Developing a Unit Cost Measure for Inference
As AI and Gen AI in particular continue to grow rapidly, one of the main challenges for FinOps is developing cost measures for deployment. In particular, managing inference costs can be burdensome without a method for measuring those costs. And a familiar approach of starting with billing data might not be the best method for achieving this.
FinOps is often portrayed as a descendant of finance or DevOps. But in reality, its true predecessor is capacity planning and performance management. Some of this has been lost in recent years where companies have had immediate needs to tame a wild cloud bill. However, FinOps is not just about reducing costs per se, but in many cases optimizing price/performance or cost per unit of work done. This is especially true when it comes to foundation model inference where results must be produced with low latency.
Cost is Meaningless without Measuring Against Latency
It is not terribly hard to calculate a cost per inference. You can build a cost pool of allocated hardware, and then divide that by the number of requests processed. Generally speaking, inference-specific software like TensorRT and Triton Inference Server is free, and labor costs are small and fixed, so focusing on inference hardware keeps the cost model simple. But while cost per inference is a good metric to know, it leaves out the very important factor of latency. Cost per inference can easily be decreased while allowing performance to slow, severely limiting the usefulness of this metric. Incorporating latency measures is essential to both measuring and managing inference costs.
The starting point therefore of managing inference costs shouldn’t be the billing console, Cost Explorer, or bill management tools like Apptio/Cloudability or CloudHealth, but rather observability tools like Grafana or Datadog. These are where the performance and latency metrics are tracked, and have the data needed to maintain not just cost, but the cost of accelerating performance per millisecond.

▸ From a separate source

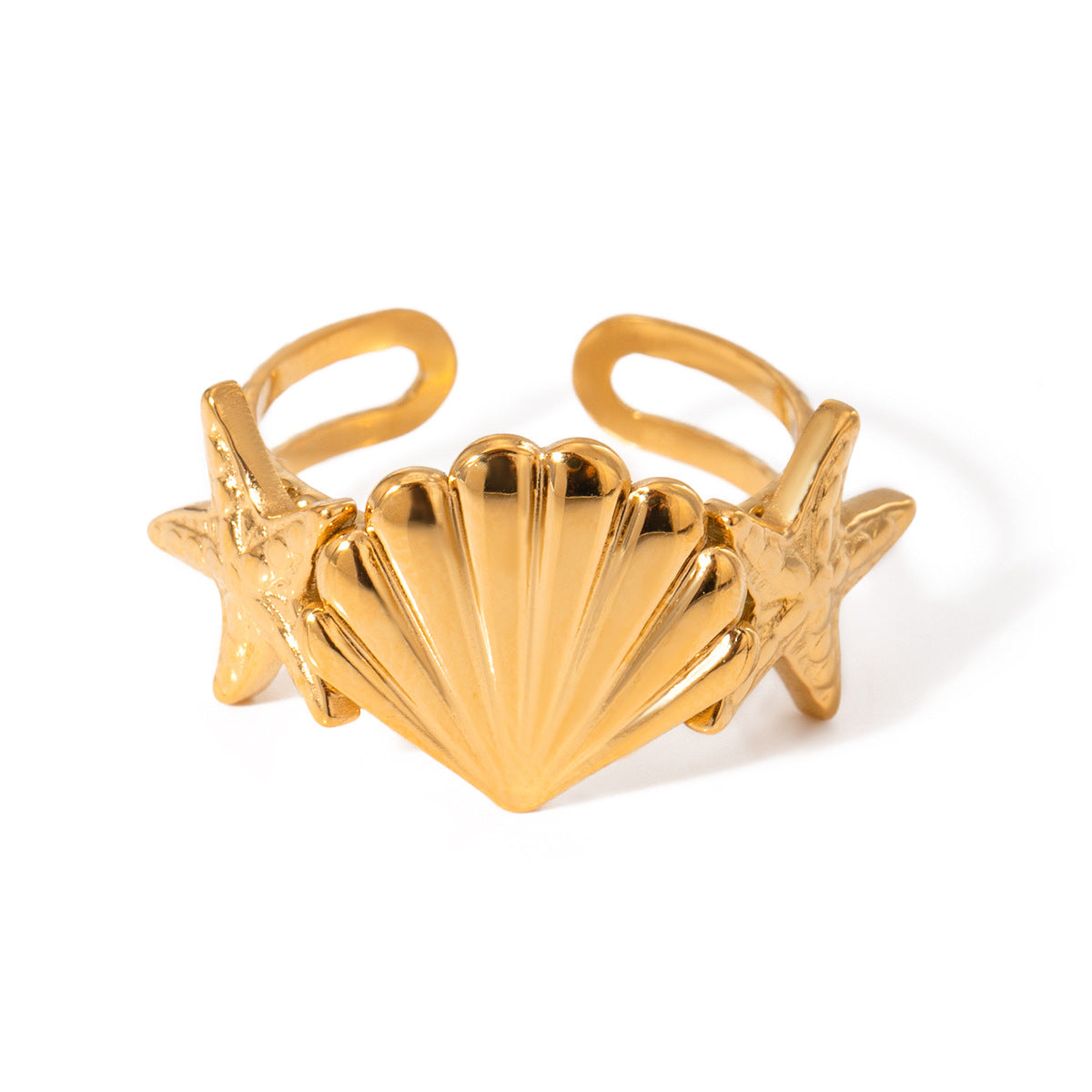Wholesale 18k gold stainless steel starfish fritillary opening ring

Observability tools like those mentioned above can be integrated with NVIDIA DCGM (Data Center GPU Manager). This allows you to track key inference performance metrics such as cache hit rate, cache hit duration, inference queuing duration, and inference success rate, along with GPU ops and performance metrics like GPU utilization, power consumption, and memory usage. When comparing against cost, you can then trend the cost of inference against these metrics, and assess the benefits of autoscaling, cost sensitivity to lower latency, or other measures you can use to manage costs and performance. You can merge this data with your billing data and then you’ll have not just a cost per inference, but an average cost per inference at varying levels of performance.
Developing Unit Costs
To really focus on this, you can create a cost per successful inference microsecond, or expand it up to a full second to get the numbers out of tiny decimals, or at least milliseconds (thousandths of a second) like I’ve done below, even though NVIDIA Triton reports out microseconds (millionths of second). You can then break that down by input, output, inference, and queuing. Triton reports cache metrics separately, but you can expand the analysis to include the cost of a cache hit vs. a cache miss. The next step is to assess how to amortize the cost of the GPUs. For simplicity, it can make sense to divide the system cost over GPU time. The added steps of amortizing memory, storage, and network might not be worth it, but that can be assessed on a case-by-case basis. And this still allows you to compare costs for single precision to mixed precision or to compare FP32 to INT8. Therefore, the summary cost analysis could look something like this:
One factor to keep in mind is that observability costs are typically 15-30% of any cloud bill, and they charge for custom metrics. Therefore, there’s no need to go overboard importing every Triton data point into your observability tool unless they deliver some value of managing or optimizing costs.
Another point to be wary of is overgeneralizing power and space costs. If you’re including them, do so on a basis that includes cost per kWh for metered power, and a cost per kW for lease costs, or for depreciation if it’s an owned facility. Labor costs should be minimal, especially for inference. When the objective is to optimize inference, you can create misleading distortions if you try to throw in data preprocessing, training, or human annotation costs.
Conclusion
By aligning compute time with system costs and inference resource consumption, you can develop a cost per inference that provides a trackable summary measure, along with component costs to help monitor and optimize model deployments. Moreover, these can then be put into a time series to measure cost trends, and to develop strategies to reduce costs, latency, or both as model usage grows.